Tropical Tasar culture is forest and agro-based activity that covers agricultural and industrial activity. Tasar silk is produced by “Antheraea mylitta” which is polyphagous in nature. Its primary food plants are “Terminalia arjuna” and “Terminalia tomentosa” commonly known as Arjun and Asan, respectively. A large number of pests are reported to attack both the host plants as well as silkworm. Earlier natural forest grown plants were used for silkworms rearing. But adaptation of scientific farm techniques in cultivation of food plants lead to intensive cultivation of food plants in huge acreage which resulted in monoculture of host plants. Thereby the incidence of pest attack to host plants and silkworm has been increased.

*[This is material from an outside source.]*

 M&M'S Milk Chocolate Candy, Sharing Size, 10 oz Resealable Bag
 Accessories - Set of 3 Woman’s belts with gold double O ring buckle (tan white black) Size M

Tasar silkworm, Antheraea mylitta belongs to Order-Lepidoptera. The life cycle of silkworm consists of Egg, Larva, Pupa and Adult stages. As the rearing is conducted outdoor silkworms are exposed to attack of various pests during their life cycle. The estimated crop loss due to pests is to the tune of 40 - 45%. Vapourer tussock moths are major pests of primary tasar food plants Terminalia arjuna Bedd and Terminalia tomentosa W & A and cause considerable damage. The young larvae nibble on the leaf surface while older larvae consume whole leaf.
The pests of tasar silkworm are broadly categories into predators and parasitoids. Predators cause damage to tasar larvae during early instars and parasitoids during later stages. Due to these pests the production of tasar silk is affected considerably. The major parasitoids and predators of silkworms are Uzi fly (Blepharipa zebina) and Ichneumon fly (Xanthopimpla pedator), Stink bug (Eocanthecona furcellata), Assassin bug (Sycanus collaris) Praying mantis (Hierodulla bipapilla), Wasp (Vespa orientalis) and Red ant (Oecophylla smaragdina).
Among the predators of silkworm the stink bug, Eocanthecona furcellata is very serious predator which attack the silkworm during young age rearing. The prevalence was more during II and III crop rearing than in I crop rearing season. It survives on other hosts during non-rearing season. Some of the pests/herbivoures of tasar host plant like larvae of vapourer tussock moths, semilooper, leaf hopper nymphs and boll headed caterpillar, etc., serve as alternate (secondary) hosts to E. furcellata. The present study was undertaken to study the life cycle of E. furcellata on vapourer tussock moth larvae.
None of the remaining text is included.